A full week has passed since the attacks, and Israel still has not formally acknowledged or commented on the strikes, but Prime Minister Benjamin Netanyahu said during a lunch with NATO ambassadors in Jerusalem last week that, “[w]e have a long-standing policy to prevent the transfer of game-changing weapons to Hezbollah from Syrian territory. This policy has not changed. We back it up as necessary with action.”

This is not the first time this has happened, of course. Asaf Lubin pointed out in Just Security in May 2017 that even as international lawyers jumped to dissect the legality of U.S. strikes on Syrian military targets which took place the previous month, almost no one wrote about Israeli attacks on warehouses near the Damascus airport around the same time.

This is all the more notable because Israel’s attacks appear to be on very thin legal ice under international law.  Because Israel has not acknowledged, much less defended, the strikes, it is difficult to know what argument its lawyers would make. But here are some candidates:

(1) Israel is already “in a state of war” with Syria.

Ernesto Sanchez in an Opinio Juris post in June argued that the conflict between Syria and Israel that began with the 1967 war never came to an end. The parties agreed to a UN-brokered cease fire at the close of that conflict, and then again at the close of the Yom Kippur War.  But a cease fire, he argues, cannot end the war under international law. Therefore, the war never ended.  And because it never ended, the continued state of war between Syria and Israel justifies Israel’s periodic strikes.

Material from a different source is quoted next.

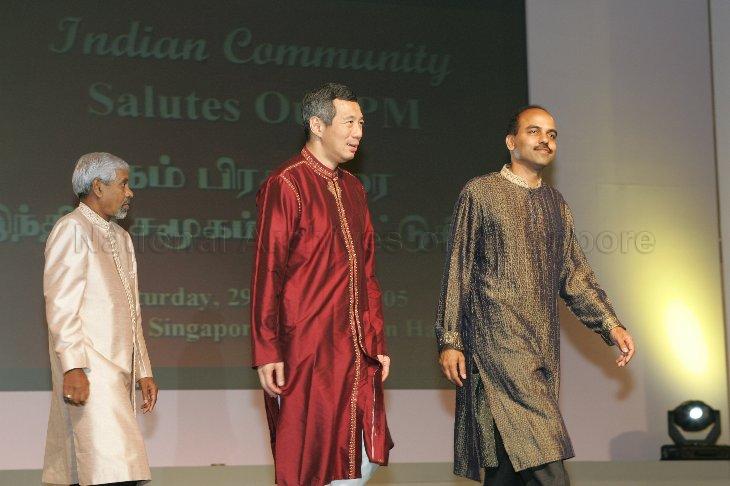 (From left) Chairman of the Indian Chamber of Commerce and Industry M Rajaram, Prime Minister (PM) Lee Hsien Loong and Chairman of Narpani Pearavai P Thirunal Karasu making their way down the stage after gift presentation at Indian community tribute dinner for PM at Suntec Convention Hall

The argument, however, fails to hold up. The key problem is that it assumes that states continue to have the right to launch attacks at one another as long as there is a “state of war.” This is an outmoded way of conceptualizing jus ad bellum. As Scott Shapiro and I show our book, The Internationalists, war once was a legal and legitimate means of resolving disputes.  But that’s no longer true. The mere existence of an official state of war is no longer a justification—by itself— for the use of force. Today, states may only use force “against the territorial integrity or political independence of any state” for reasons authorized in the UN Charter framework:

1) If the use of force is authorized by the UN Security Council.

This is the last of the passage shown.